Homemade - Dhokla (1 grams)
Breakfast
154 mg/dL
Usually causes a large spike
Avg. Food Score on Ultrahuman App
Ultrahuman Users got an UNSTABLE response
How to consume Homemade - Dhokla without glucose spikes
Portion Control
Limit the amount of dhokla you consume in one sitting to prevent large spikes in glucose levels.
Protein Pairing
Eat dhokla with a source of protein like Greek yogurt or cottage cheese. This can help slow down the absorption of carbohydrates.
Fiber Addition
Include a side of vegetables such as a salad or steamed greens. The fiber in these foods aids in the gradual release of glucose into the bloodstream.
Healthy Fats
Incorporate healthy fats such as avocado or nuts alongside your meal.
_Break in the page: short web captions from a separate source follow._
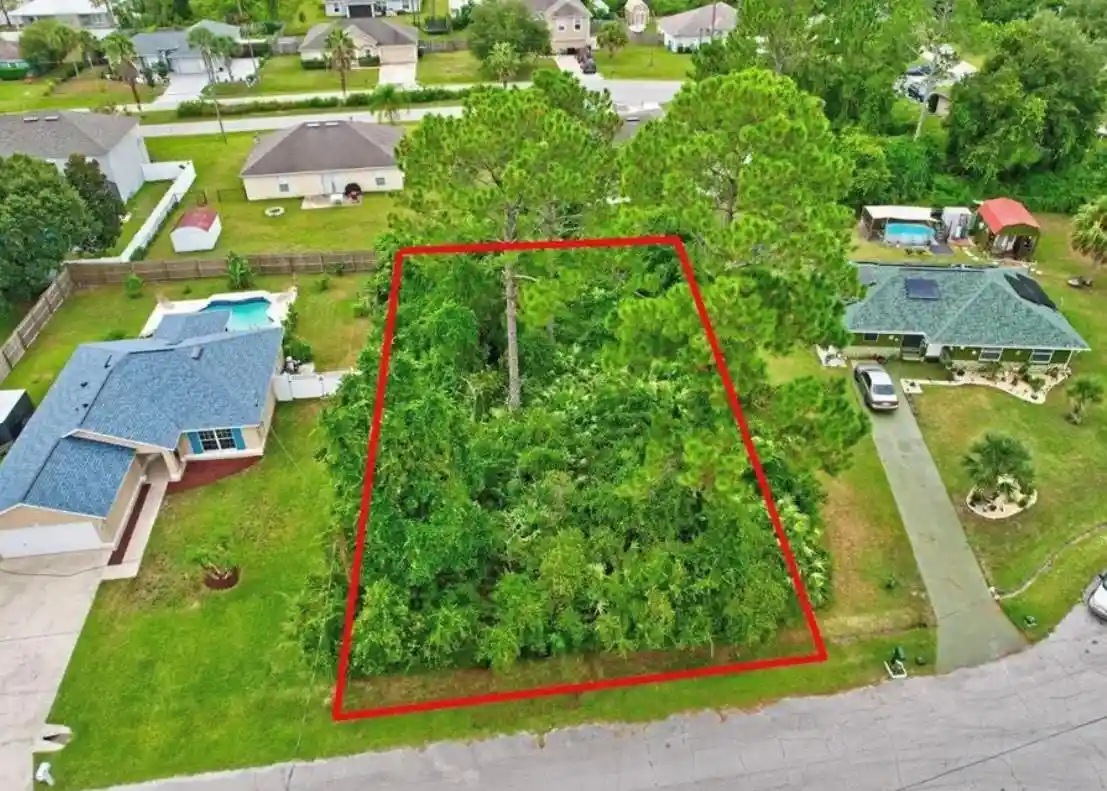 Photo 1 of Sale Pending at 9 Sea Ship Pl, Palm Coast, FL 32164 | MLS# F10389725 | Listing updated on 2026-10-28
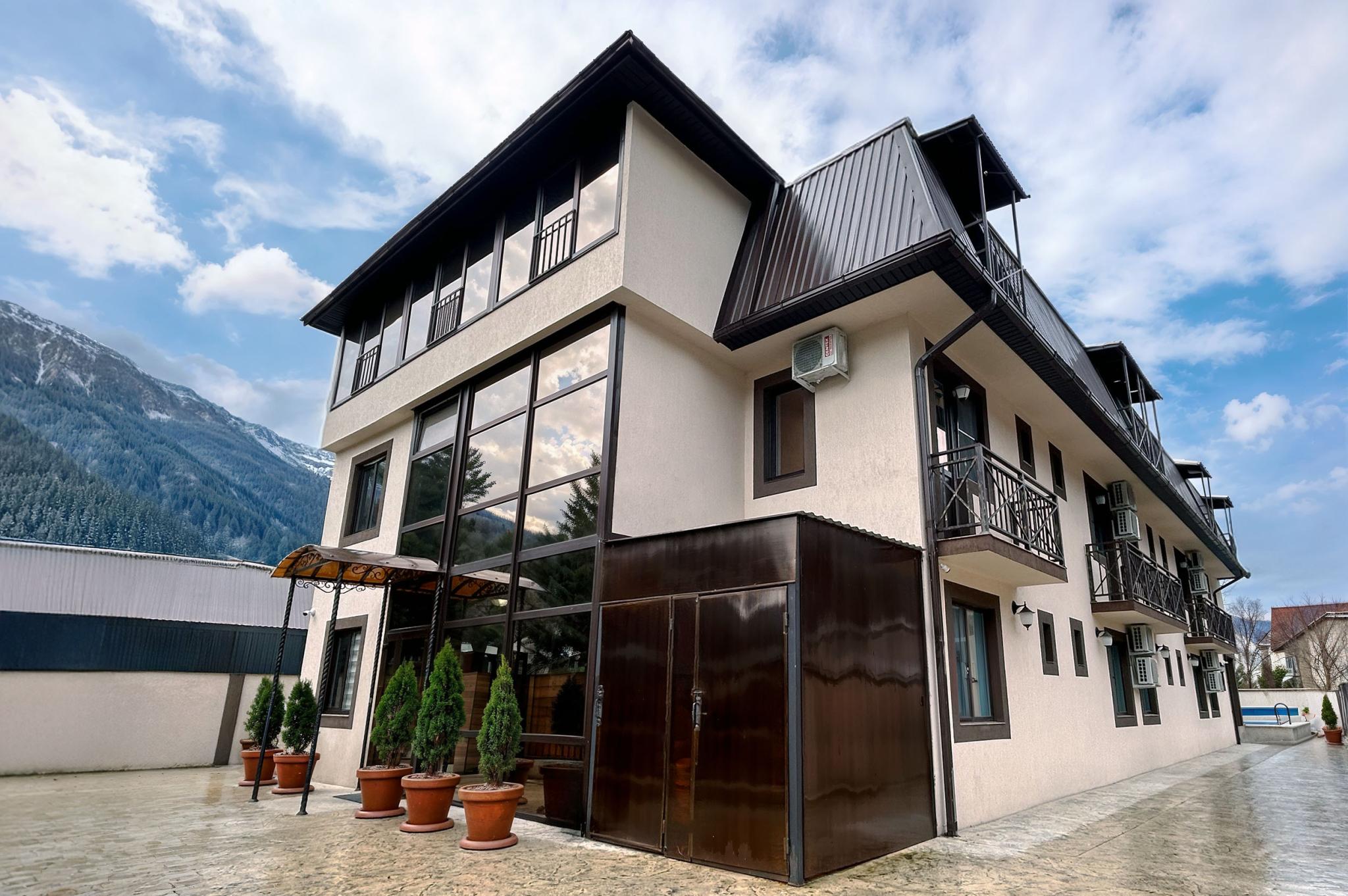 Фото отеля 2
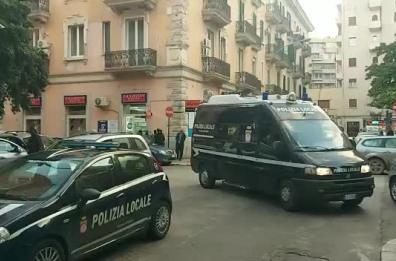 Merce usata venduta abusivamente, sequestri a Foggia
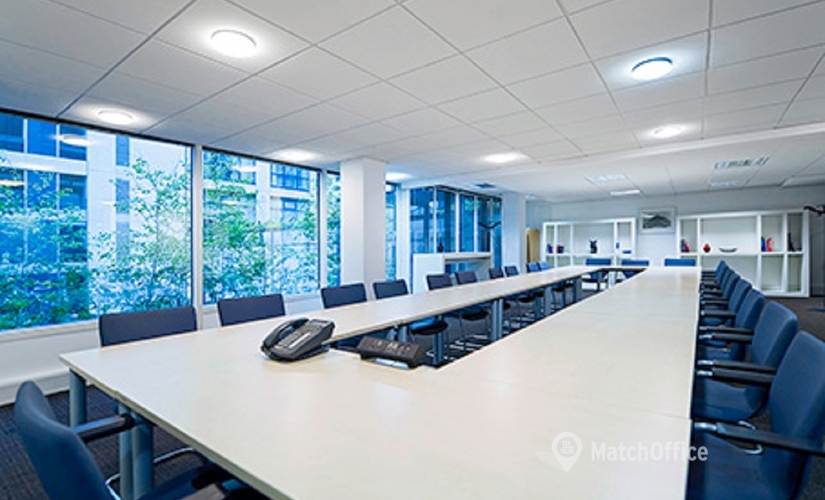 Meeting room in Birmingham Centre, One Victoria Square, 22 m² - MatchOffice.co.uk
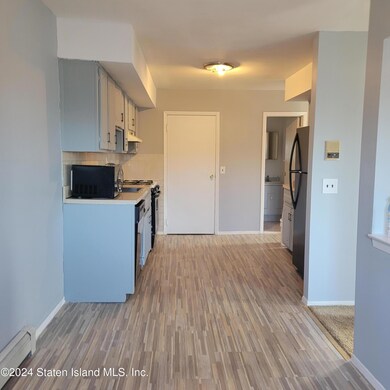 10 Lamped Loop, Staten Island, NY 10314 - photo 5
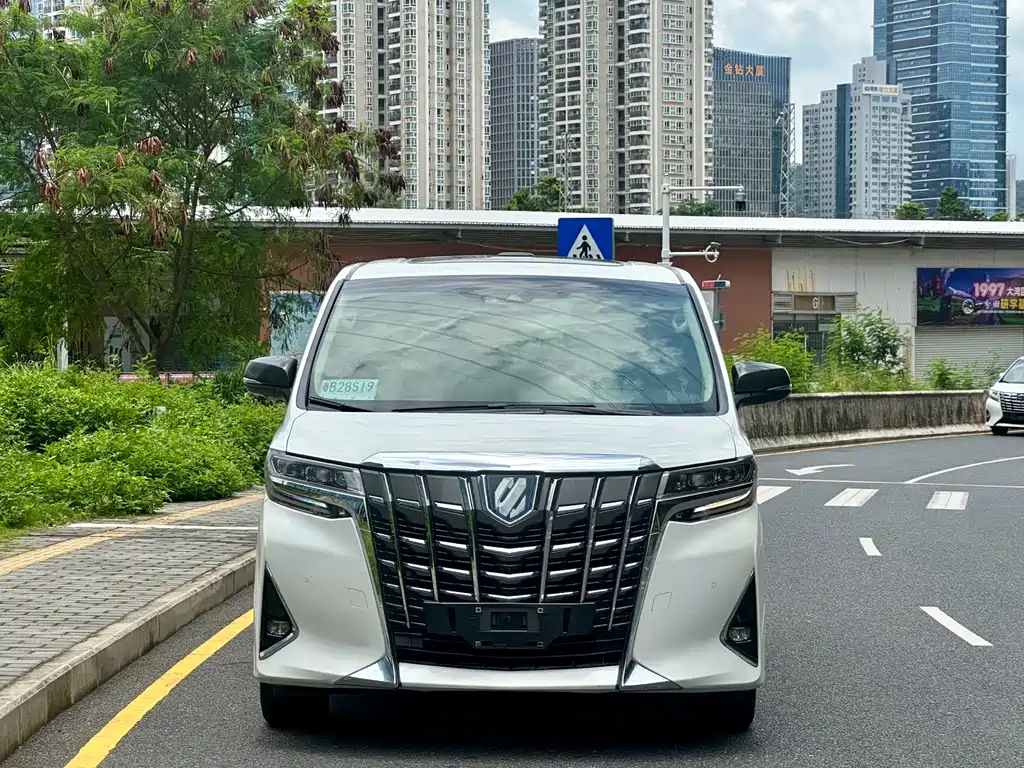 Toyota Alphard 2021 2.5L Luxury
These can help stabilize blood sugar levels.
Timing
Avoid having dhokla on an empty stomach. Consuming it alongside other low-carb, nutrient-dense foods can help ease the digestive process.
Post-Meal Activity
Engage in light physical activity like a brisk walk after eating. This can help improve insulin sensitivity and lower blood sugar levels.
Hydration
Drink water throughout the day and have a glass before your meal to help with digestion and glucose regulation.
Spice it Up
Use spices like cinnamon or fenugreek in your meal preparation. These spices are known to help with blood sugar control.
Mindful Eating
Eat slowly and mindfully, savoring each bite. This practice can help prevent overeating and allow your body to better manage glucose levels.